The above image shows ’n’ RNN units in single RNN layer. We have constructed our single RNN layer exactly like this where we have 256 LSTM-RNN Units in one layer of RNN. At each time step all of the RNN units generate output which will be an input to the next layer and also the same output will again be any input to the same RNN unit. Here, in our project each RNN unit is an LSTM unit. In Keras library, in LSTM there is a parameter called ‘return_sequences’. It is False by default. But if it is True, then each RNN unit will generate output for each character means at each time step. This is what we want here. We want our RNN unit to generate output as the next character when given input as previous character in the sequence. We have stacked up many LSTM units here so that each unit will learn different aspect of the sequence and create a more robust model overall.
In above image I have just shown one RNN layer with ’n’ units. We have three such RNN layers each having 256 LSTM units.
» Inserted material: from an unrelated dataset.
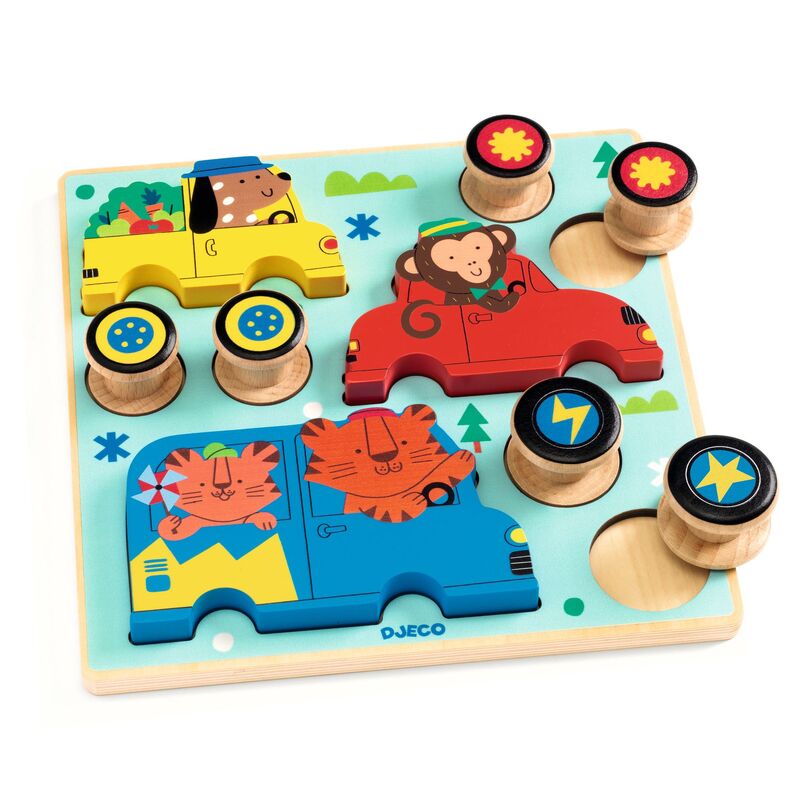 9 Piece Wooden Puzzle & Push Along Toy - Djeco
The output of each LSTM unit will be an input to all of the LSTM units in next layer and so on.
After three such layers of RNN, we have applied ‘TimeDistributed’ dense layers with “Softmax” activations in it. This wrapper applies a layer to every temporal slice of an input. Since the shape of each output after third LSTM layer is (16*64*256). We have 87 unique characters in our dataset and we want that the output at each time-stamp will be a next character in the sequence which is one of the 87 characters. So, time-distributed dense layer contains 87 “Softmax” activations and it creates a dense connection at each time-stamp. Finally, it will generate 87 dimensional output at each time-stamp which will be equivalent to 87 probability values. It helps us to maintain Many-to-Many relationship.
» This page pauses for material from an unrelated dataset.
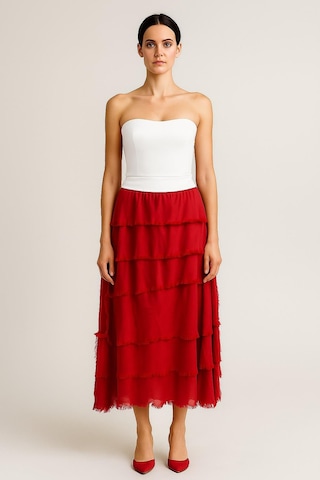 İtalyan 2 Beden Ince Gösteren Kat Kat Ipek Etek & Straplez Elbise Kırmızı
There is one more parameter in LSTM which is known as “stateful”. Here, we have given “stateful = True”. If True, then the last state for each sample at index ‘i’ in a batch will be used as initial state for the sample of index ‘i’ in the following batch. This is used because all of the batches contains rows in continuation. So, if we feed the last state of a batch as initial state in the next batch then our model will learn more longer sequences.
6. Model Architecture
def built_model(batch_size, seq_length, unique_chars):
model = Sequential()
model.add(Embedding(input_dim = unique_chars, output_dim = 512, batch_input_shape = (batch_size, seq_length)))
model.add(LSTM(256, return_sequences = True, stateful = True))
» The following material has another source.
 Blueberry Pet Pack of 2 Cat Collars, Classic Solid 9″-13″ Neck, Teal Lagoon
model.add(LSTM(256, return_sequences = True, stateful = True))
model.add(LSTM(256, return_sequences = True, stateful = True))
Now we want to predict the next character which should be one of the 87 unique characters. So, it’s a Multi-Class Classification problem. Therefore, our last layer is Softmax layer with 87 activations.
7. Music Generation(Results)
Now, we have already trained our model and find the best weights. Now our model is ready for making prediction. In order to make prediction, we will give any of the 87 unique characters as input to our model and finally it will generate 87 probability values through softmax layer. From these returned 87 probability values, we will choose the next character probabilistically and not deterministically and finally we will again feed the chosen character back to the model and so on. We will keep on concatenating the output character and generate music of some length. This is how music will be generated.
Above music sequences are some of the examples of music that we have generated from our model.
8. Further Scope
We have generated a good quality music, but there is a huge scope of improvement in it.
First, starting and ending music can be added in every new generated tune to give a tune a better start and better ending. By doing this, our generated music will become melodious.
Second, the model can be trained with more tunes. Here, we have trained our model with only 405 musical tunes. By training the model with more musical tunes, our model will not only expose to more variety of music but the number of classes will also increase. By this more melodious and at the same time more variety of music can be generated through the model.
Third, model can also be trained with multi-instrument tunes. As of now, the music generated is of only one piece of instrument. It would be interesting to listen what music the model will produce if it is trained on multi-instrument music.
Finally, a method can be added into the model which can handle unknown notes in the music. By filtering unknown notes and replacing them with known notes, model can generate more robust quality music.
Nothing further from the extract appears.